Anders ist es aber mit Anforderungen, welche die Vergabestelle unabhängig von der Vorgabe eines bestimmten Produktes gestellt hat. Hierbei handelt es sich um die Vorgabe, dass die Umstellung auf die digitale Übertragung gewünscht wird, und hier weiter speziell um die Vorgabe zu Position 03.03.0001, dass die dort ausgeschriebenen Verstärker einen digitalen Eingang haben sollen. In der mündlichen Verhandlung hat sich herausgestellt, dass die von der Antragstellerin unter dieser Position angebotenen Geräte einen nach Angaben der Antragstellerin miteinkalkulierten Konverter benötigen, der ein Zusatzgerät darstellt und das gesendete digitale Signal in ein analoges Signal für den Verstärker umwandelt. Der von der Antragstellerin angebotene Verstärker verfügt daher nicht über den geforderten Eingang. Verstärker mit digitalem Eingang werden aber nach den Angaben des Antragsgegners in der mündlichen Verhandlung nicht nur von der Firma d&b angeboten, sondern auch von anderen Firmen. Dem hat die Antragstellerin letztlich nicht widersprochen. Ihr Hinweis darauf, dass nur die Firma d&b ein integriertes Gerät anbiete, bezieht sich nicht auf die Forderung nach einem digitalen Eingang, sondern auf die Frage, ob ein Konverter im Gerät enthalten ist. Die Vergabestelle hatte aber ausdrücklichen einen digitalen Eingang gefordert, also ein Gerät, welches beim Empfang der Signale keine Umwandlung von digitalen in analoge Signale vornehmen muss. Das Angebot der Antragstellerin entspricht daher in diesem Punkt unabhängig von der Produktvorgabe nicht den Anforderungen des Leistungsverzeichnisses. Ein Zuschlag könnte ihr daher nicht erteilt werden; ihr Angebot ist zwingend auszuschließen, § 25 Nr. 1 Abs. 1 d VOL/A (vgl. hierzu Dittmann in Kulartz/Marx/Portz/Prieß Kommentar zur VOL/A § 25 Rn. 53, 54).

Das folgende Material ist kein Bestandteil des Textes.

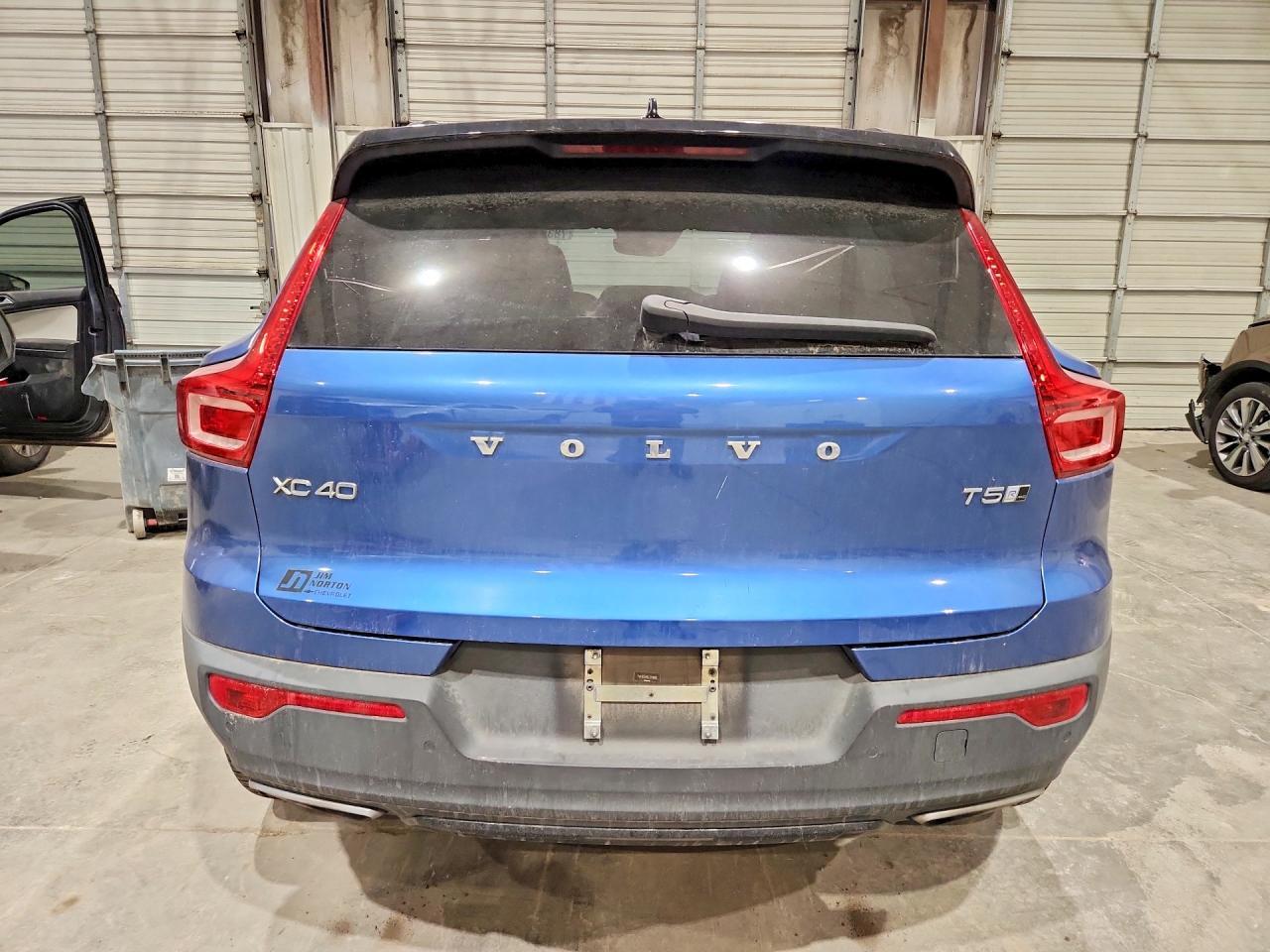 2020 Volvo Xc40 T5 R-Design - Image 6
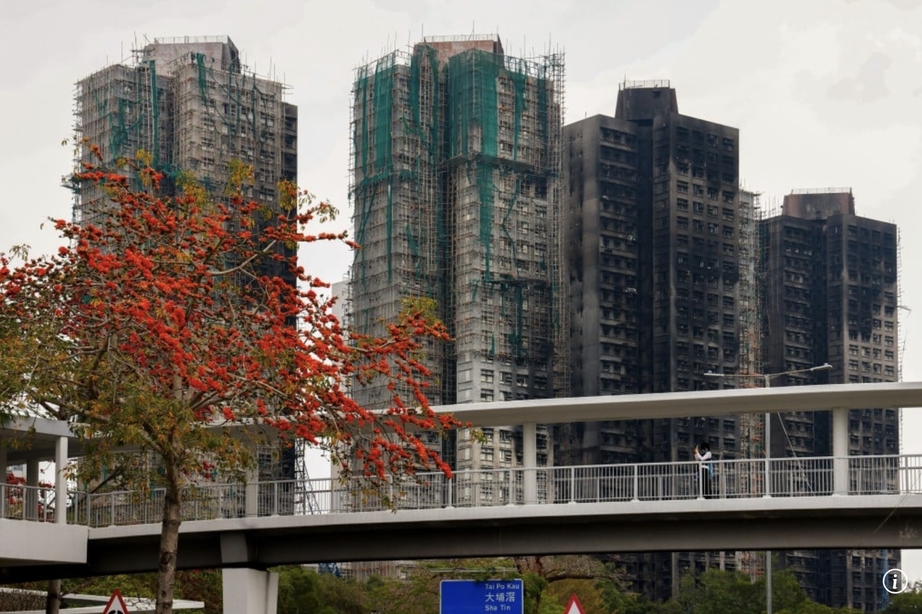 Hong Kong dự chi gần 900 triệu USD mua lại 1.700 căn hộ trong vụ ch&aacute;y chung cư kinh ho&agrave;ng- Ảnh 1.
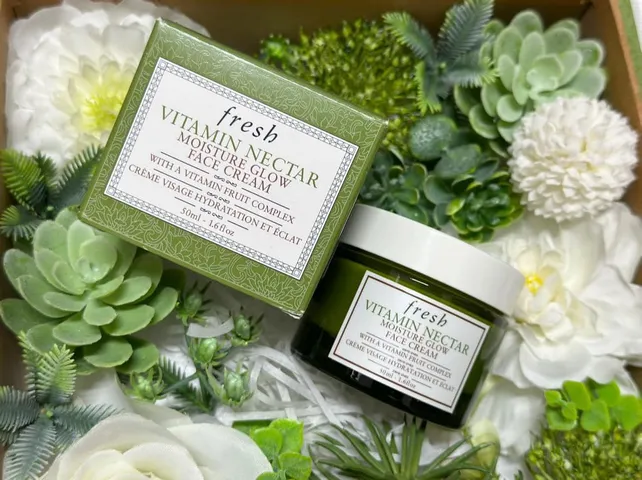 Kem Dưỡng Ẩm Fresh Vitamin Nectar Moisture Glow Face Cream 50ml - Kem Làm Sáng Da Giàu Vitamin C, E, B5, Tăng Cường Sức Sống Cho Da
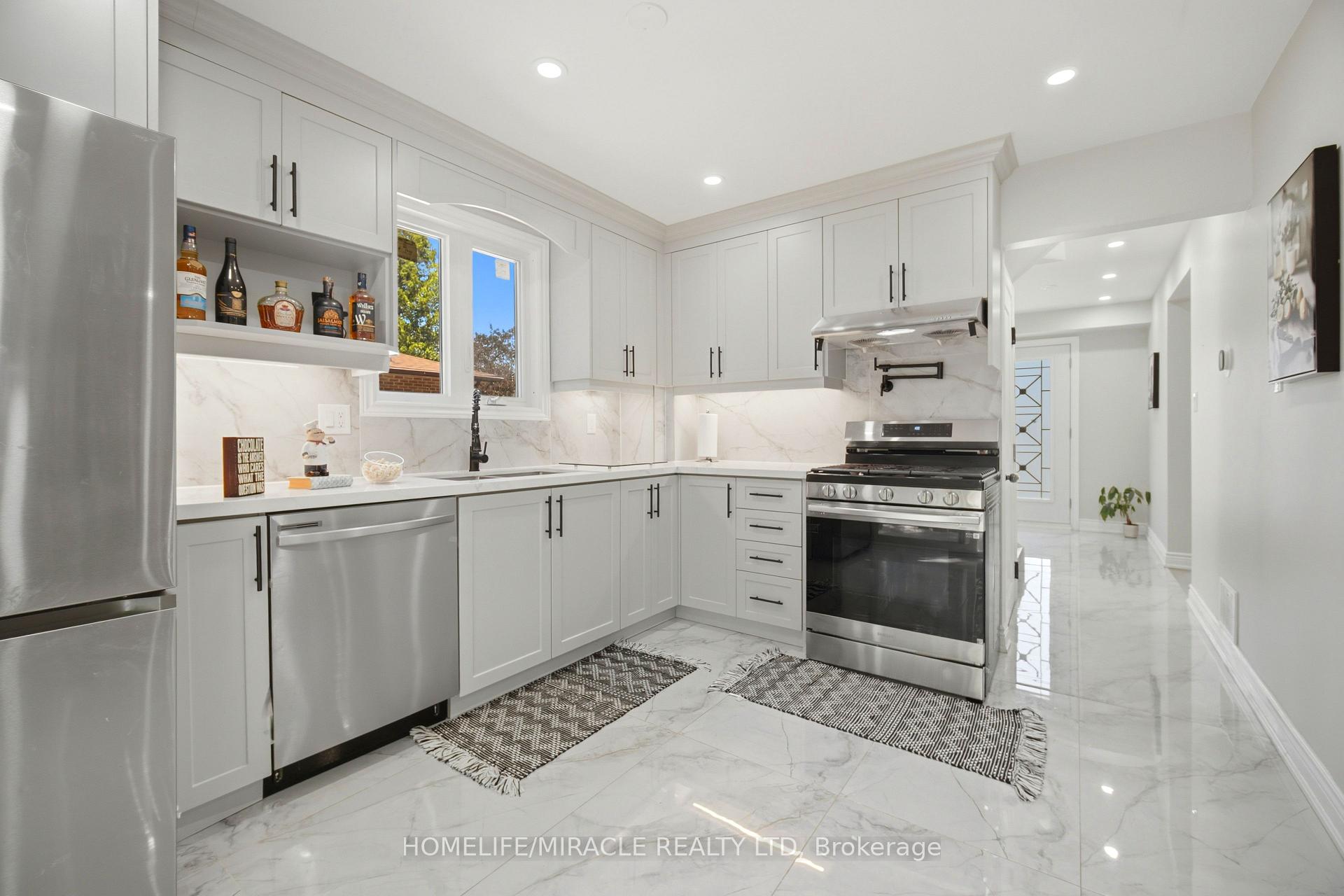 Photo 13 of 96 Bonham Boulevard, Mississauga, Streetsville — HOMEH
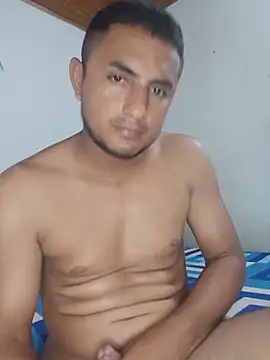 Snapshot of knox_zeque chatting on May 25, 2026, 9:43 pm knox zeque online show from May 25, 2026, 9:43 pm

4. Die Antragstellerin kann sich auch nicht darauf berufen, dass das Angebot der Beigeladenen ebenfalls auszuschließen ist und deshalb möglicherweise das gesamte Ausschreibungsverfahren aufgehoben werden müsste. Sie hat zwar vorgetragen, dass es ihr nicht möglich gewesen sei, Produkte der Firma d&b anzubieten, weil diese als allein berechtigte Vertriebspartnerin die Beigeladene benannt habe. Ein zwingender Ausschlussgrund nach § 25 Nr. 1 Abs. 1 f VOL/A liegt hierin nicht. So ergibt sich schon aus dem eigenen Vortrag der Antragstellerin nicht, dass diese Anweisung von der Beigeladenen ausgegangen ist. Zudem haben alle anderen Bieter Produkte der Firma d&b anbieten können, zum Teil sogar günstiger als die Beigeladene. Die von der Antragstellerin angeführten Entscheidungen des OLG Celle (Beschluss vom 24.5.2007 - 13 Verg 4/07) und des OLG Koblenz (Beschluss vom 26.10.2005 - 1 Verg 4/07) betrafen andere Fallgestaltungen. Im Fall des OLG Celle hatte die Vergabestelle gegen ihre Verpflichtung zur losweisen Vergabe verstoßen, im Fall des OLG Koblenz ging es um ein Unterkostenangebot, welches in marktverdrängender Absicht abgegeben worden sein sollte.

5. Es trifft ebenfalls nicht zu, dass die Vergabestelle keine eigene Vergabeentscheidung getroffen hat. Wie aus den Vergabeakten ersichtlich, ist der Vergabevorschlag des Projektsteuerers von der Vergabestelle geprüft und abgezeichnet worden.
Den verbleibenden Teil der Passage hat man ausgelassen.